Remember when you were a kid and your parents had to essentially bribe you to get chores done?
You know. One of these: “If you put the dishes away, you can play on the trampoline.”
Or maybe it was, “If you eat all of your vegetables, you can have a cookie.”
Or in my case: “If you finish your math homework, you can watch I Love Lucy.”
(Lucille Ball is the best, come on.)
One surprising thing I’ve learned from running my voiceover business is that it’s actually a lot like parenting—except in this case, you’re parenting yourself. There’s an element (or two…or ten…) of self-parenting needed for every business owner to find success. Call it discipline, call it motivation, call it “git ‘er done,” but it all boils down to accountability and keeping up your momentum—which, as most of us know, can be the biggest challenge of all.
Now, let me interject here and say that I am INCREDIBLY passionate about VO. I live and breathe this industry. I can’t get enough of it, and not a day goes by where I’m not baffled and incredibly grateful that I get to do this for a living. Are you kidding me? This is AWESOME.
But everyone runs out of steam once in a while, especially if you’ve got a lot on your to-do list and feel overwhelmed. Sometimes, it feels easier to just…not than to try to deal with the seven billion things you need to finish all at once.

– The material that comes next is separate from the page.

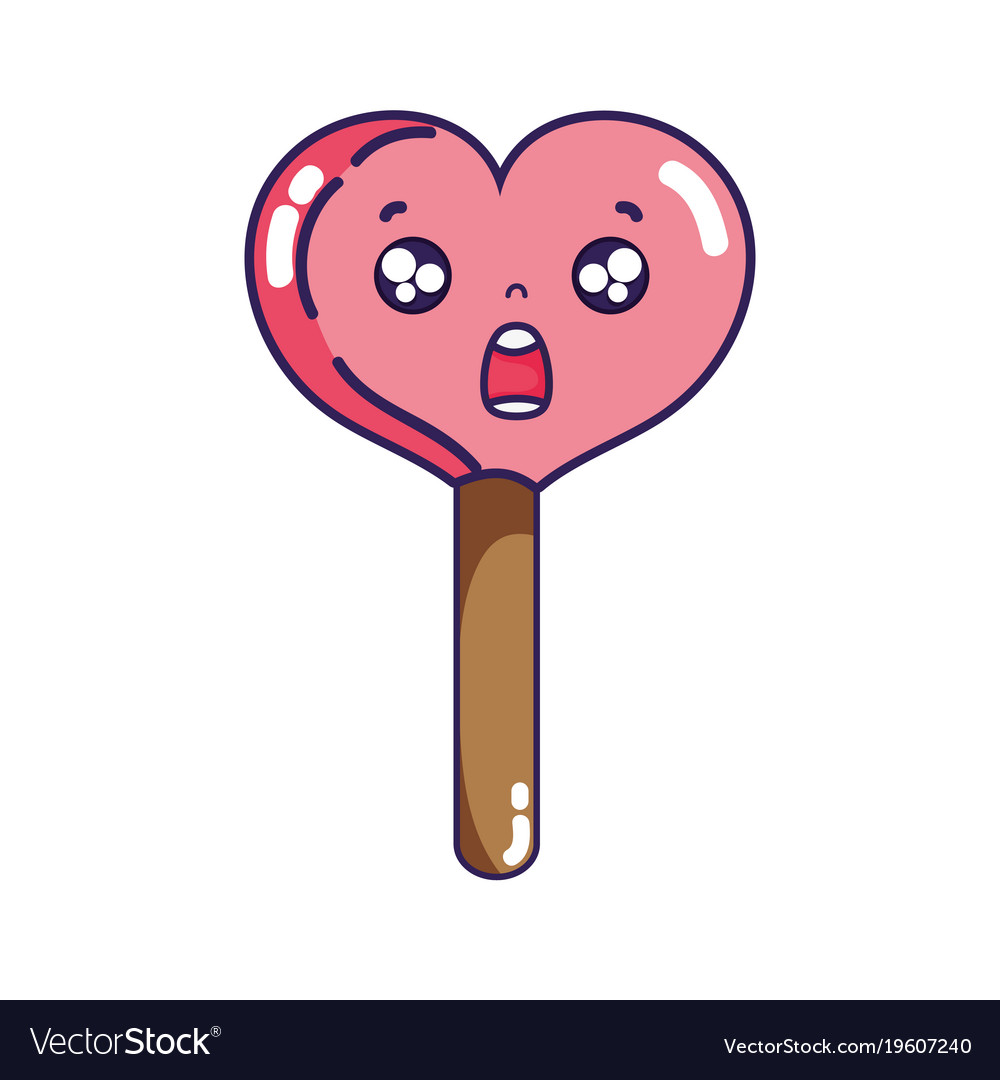 Überraschendes Herzeis lolly kawaii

This is where self-parenting comes in. And this is how I keep up my VO momentum:
- Set doable goals for yourself. By “doable,” I mean something you can realistically accomplish each day like, “Submit 10 auditions,” or “Reach out to 10 production companies.” It’s so much easier to set small, measurable goals for yourself than to say, “Right, I’m gonna audition for everything and book national commercials and be the greatest voice actor of all time by the end of the week.”
Listen, if you’re able to do that, give the rest of us a call, because we want to know what coffee you’re drinking! (Also…are you okay?) But otherwise, slow and steady wins the race—it’s about doable, measurable, consistent small goals and tasks.

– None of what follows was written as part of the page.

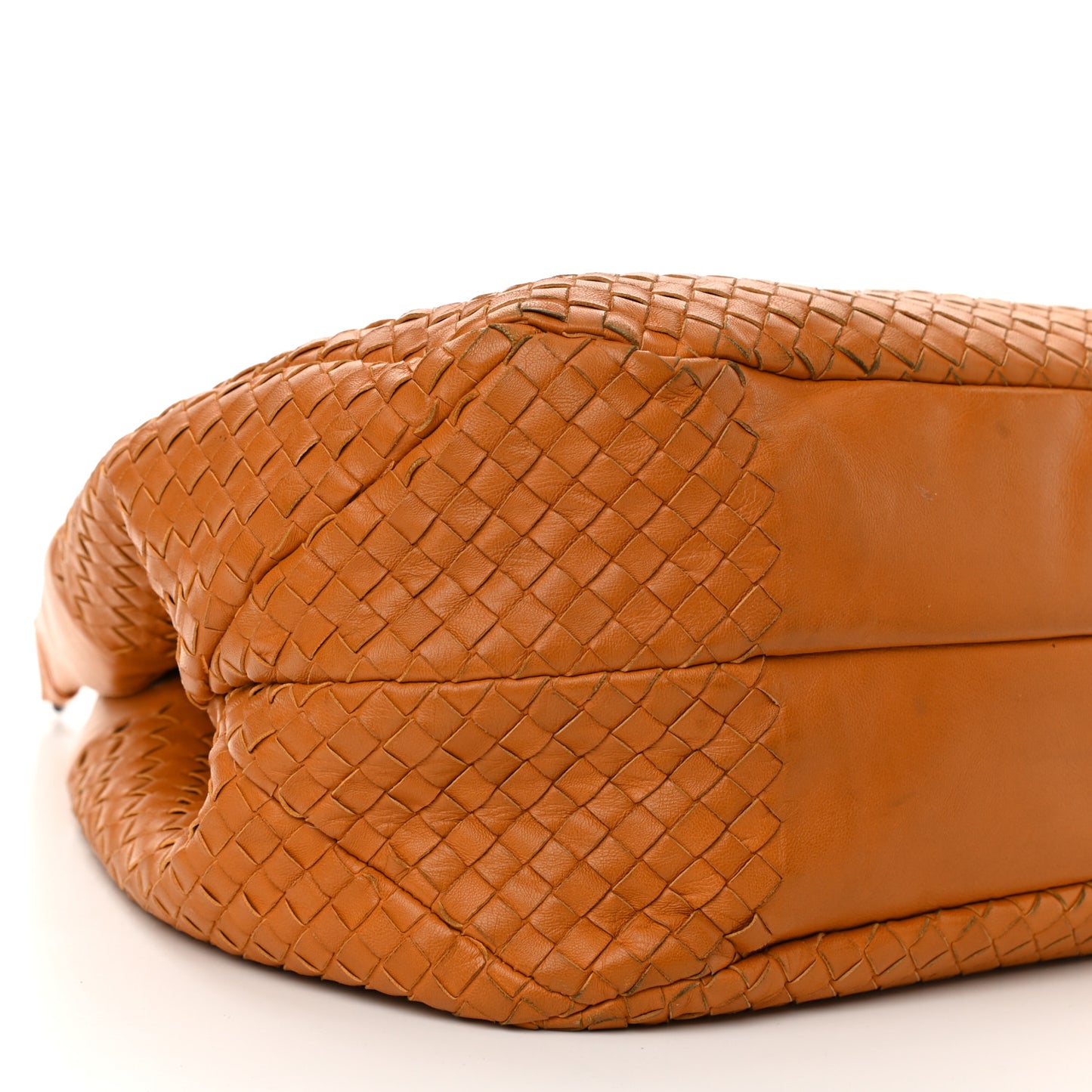 Nappa Intrecciato Medium Campana Hobo Topaz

- On that note: Know the difference between goals and tasks. Goals are bigger-picture things, like getting an agent in a market you’re after, or booking your dream client. Tasks are the smaller things you can do to accomplish that goal. So, for example, let’s say your goal is to voice commercials for BMW. That sounds lofty, right? Well, not if you break it down into manageable tasks, like:
- Find out which marketing agency handles BMW’s ads.

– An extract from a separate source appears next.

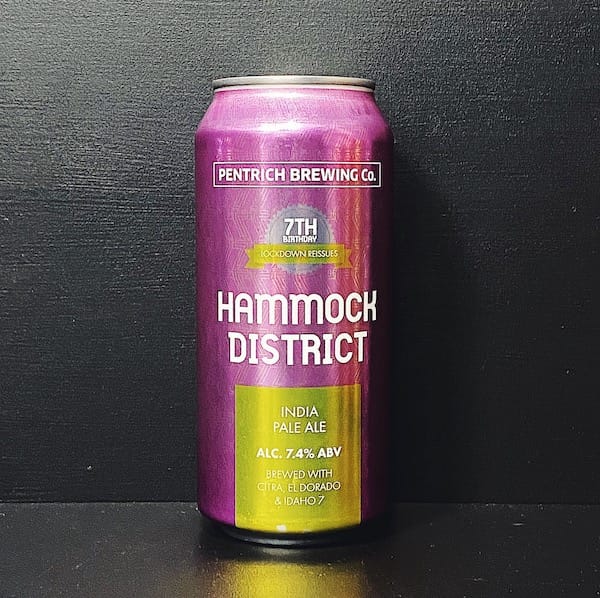 Hammock District 2023 Pentrich IPA Derbyshire Vegan Brew Cavern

- Find out specifically who on that marketing team is responsible for creative direction. Reach out to that person.
- Find out if they partner with a production house—reach out to that production house. Even better, reach out to the producer or creative director.
- Get detailed—where are you going to contact them? Email? Phone? LinkedIn?
- Follow up! Sometimes, it takes a few knocks over the course of several months to hear back (and make sure you’re not being obnoxious about it. 😉
The point is to recognize that your goals can be big, but you’ll need doable tasks that act like steps on a staircase to get there!
- Reward yourself when you accomplish a task or a goal! Hello, self-parenting– except instead of getting a cookie for eating your veggies, you might want to structure it like this: “When you submit 10 auditions, you can [insert reward for yourself here].” Or, “When you send off all of your daily invoices, you can [insert fun thing here].”
Generally, my reward system looks like, “Once you voice these five jobs, you can take a fifteen-minute reading break.” Or: “Once you send in ten auditions, you can do yoga.” Or: “Finish up those marketing emails and you can get back in the booth and fire off a bunch of character work that you love.”
“Bribing” myself doesn’t mean I don’t love what I do. I adore it! This is just how I, personally, know I can set myself up for success—by working little “whoo hoo!” pats-on-the-back throughout my day to keep things rollin’. We all need to congratulate ourselves. (And we all need cookies for eating our veggies.) Figure out what rewards keep you going!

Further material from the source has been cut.